Na trasie z Trinidadu i Tobago do Boliwii nie ma bezpośredniego połączenia
Najkrótsze loty z przesiadką trwają ok. 14 h 8 min.
Język urzędowy: hiszpański
Strefa czasowa: UTC -4
Waluta: Boliviano (BOB)
Jest tu najwyżej położony stadion piłkarski na świecie. Na wysokości 3600 m n.p.m. reprezentacja Boliwii rozgrywa mecze międzynarodowe. FIFA zabrania gry powyżej 3000 m, ale dla tego stadionu zrobiła wyjątek.
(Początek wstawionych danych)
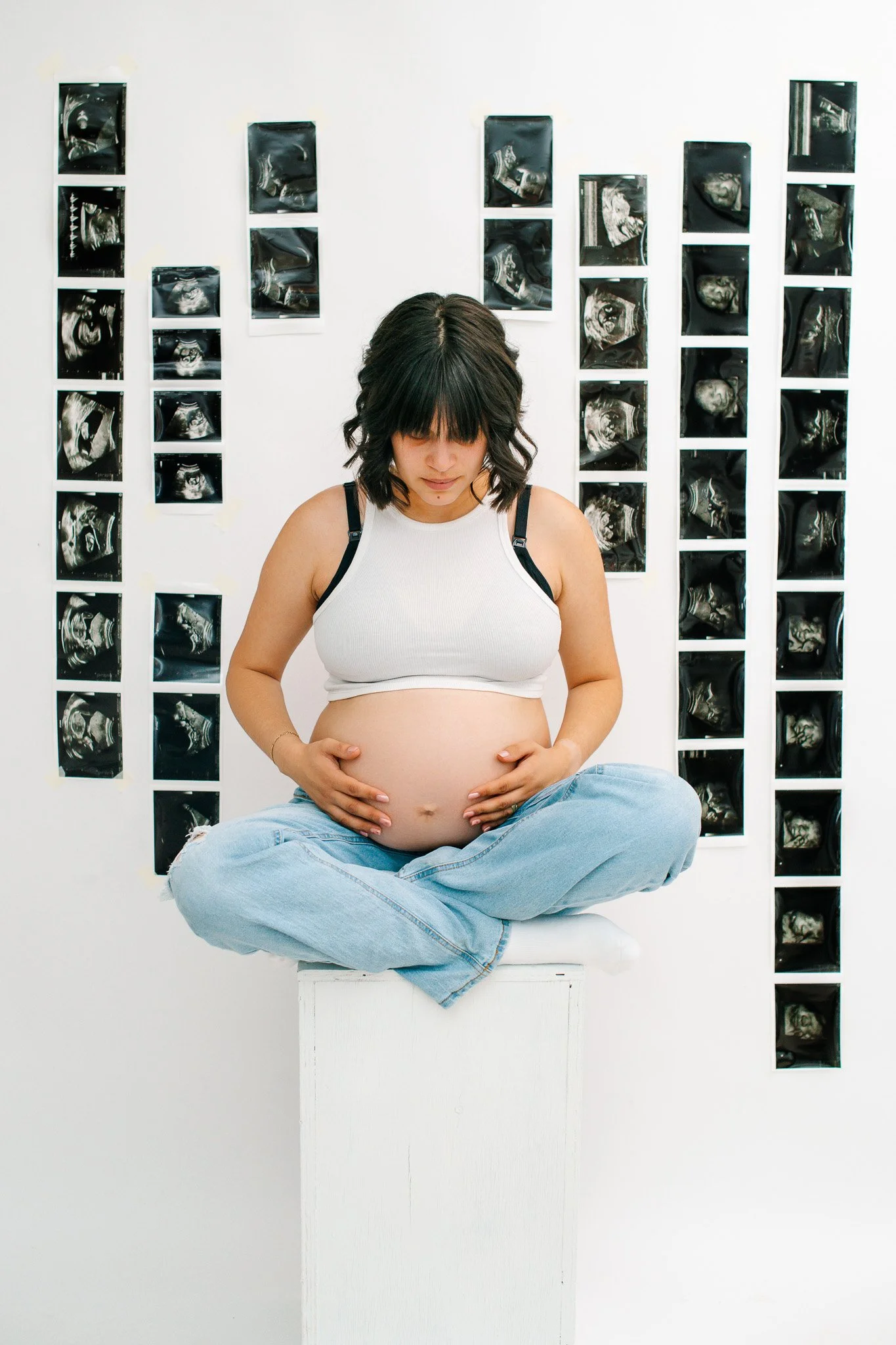 A pregnant woman sitting cross-legged on a white platform, holding her belly, with ultrasound images displayed on the wall behind her.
Nazwa osady istniejącej wieki temu w miejscu dzisiejszego La Paz, Chuquiago, oznacza złotą farmę. Odnosi się do złota, które w tym miejscu było wydobywane przez Indian Ayamara.
Turyści potrzebują trochę czasu, by przywyknąć do warunków panujących w Andach. La Paz znajduje się na wysokości od 3200 do 4200 m n.p.m. Powoduje to soroche - chorobę wysokościową, która może doskwierać w pierwszych dniach.
Miasto w Boliwii, założone w 1548 roku jako Ciudad de Nuestra Señora de la Paz w miejscu, gdzie znajdowała się osada Indian, Chuquiago. Dzisiaj powszechnie używa się skróconej nazwy - La Paz. Pełni rolę stolicy - to tutaj, nie w Sucre, zbudowano siedziby prezydenta, rządu oraz parlamentu.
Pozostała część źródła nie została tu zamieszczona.